| Exercise aim |
When you reach the line containing "JLG 600AJ 4WD" in the entries below, start writing out each line exactly, and stop after the line containing "White w/Blk SzMP".
Task data below:
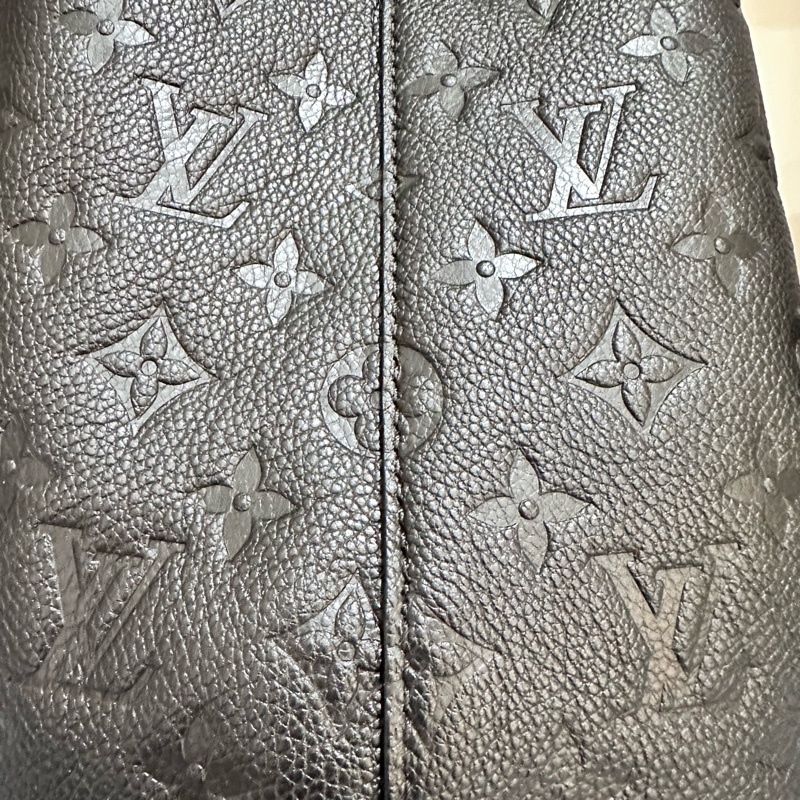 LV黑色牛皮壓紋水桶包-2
End of Task data.
Task data below:
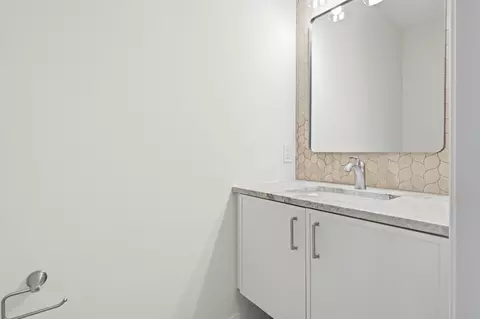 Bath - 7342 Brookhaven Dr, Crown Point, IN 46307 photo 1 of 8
End of Task data.
Task data below:
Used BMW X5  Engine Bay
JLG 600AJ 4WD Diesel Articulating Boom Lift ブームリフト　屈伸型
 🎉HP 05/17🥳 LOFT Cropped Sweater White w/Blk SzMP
End of Task data.
| Task response |
JLG 600AJ 4WD Diesel Articulating Boom Lift ブームリフト　屈伸型
 🎉HP 05/17🥳 LOFT Cropped Sweater White w/Blk SzMP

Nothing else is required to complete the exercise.